Nos levantamos a las 6 AM con el llamado de “coca tea!” de Wilfredo, nuestro Inca personal (bueno, el porteador encargado del coca tea). Salimos de nuestra tienda para encontrarnos con un día despejado y un gran cerro nevado al frente, una vista que dejaría a cualquiera sin aliento (y más a esa altura). Realmente el clima estuvo excelente durante todos los cuatro dias; tuvimos mucho sol y cielos despejados, y nos llovió solo en las noches cuando ya estabamos (semi) protegidos por nuestra tienda de campaña.

Empezamos la caminata con una pequeña subida hasta el pukara de Runkarakay (significa “ovoide” por su forma “ovoide”), donde Pepe Lucho nos dio una… de… sus… pausadas… explicaciones (kalachupi, Pepe!). Ahora seguía el segundo paso, más fácil que el primero, pero también bastante agotador. Creo que es una combinación de la altura, el cansancio de los músculos y un fuerte efecto psicológico de estar viendo siempre la cima a la que se tiene que llegar y sentir que no se avanza, lo que causa en general que se hagan tan cansadas esas subidas. Uno piensa que a la próxima vuelta ya va a estar el último trecho antes de la cima y siempre hay más y más (…excepto en el último).

La siguiente parada después del paso fueron las ruinas de Sayaqmarka, que servía también de pukara pero además era un sitio ceremonial.

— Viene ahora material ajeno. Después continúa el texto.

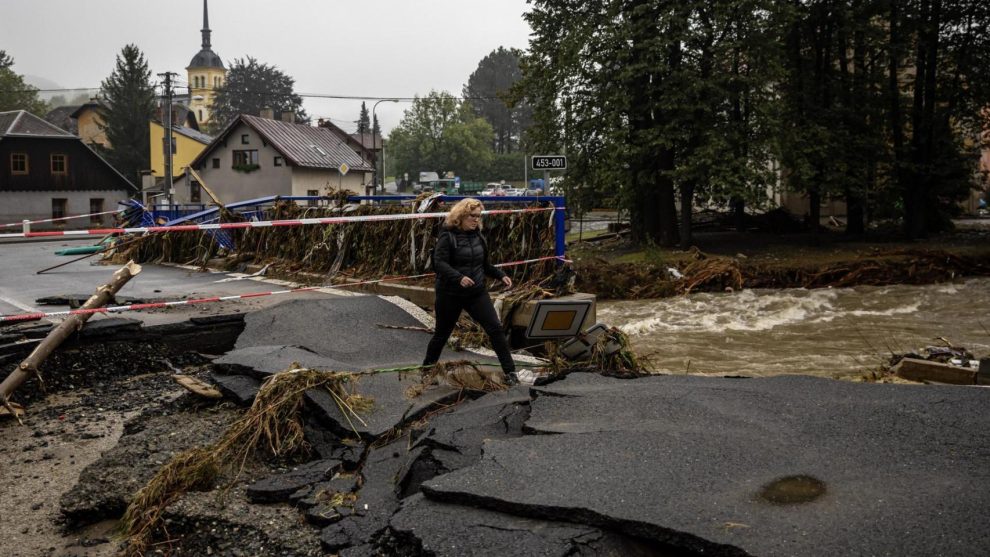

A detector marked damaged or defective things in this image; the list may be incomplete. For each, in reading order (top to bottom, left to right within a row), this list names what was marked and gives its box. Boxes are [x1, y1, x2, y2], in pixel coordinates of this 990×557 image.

broken asphalt slab [424, 372, 990, 556]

Faltaban unos 25 minutos bajando y luego subiendo a través de la selva antes de llegar al lugar del almuerzo. El espíritu inca se nos metió a todos esta vez y poco nos faltó para hacer todo ese tramo corriendo. Con la misma energía salimos después de almorzar y la próxima hora fue increíble; Tovi y yo íbamos rápido pasándole a varios grupos, y de repente escuchamos el familiar grito de “porteador!”. En un acuerdo tácito, los dejamos pasar y de inmediato nos pegamos a ellos, aumentando aún más nuestro ritmo y completando esa sección del camino todo a paso de porteador. Llegamos al tercer paso de primeros, y unos cinco minutos después apareció Carlos junto a Bego y Eduardo. Pasaron unos diez minutos más antes que apareciera el resto del grupo (hispanos a la cabeza!).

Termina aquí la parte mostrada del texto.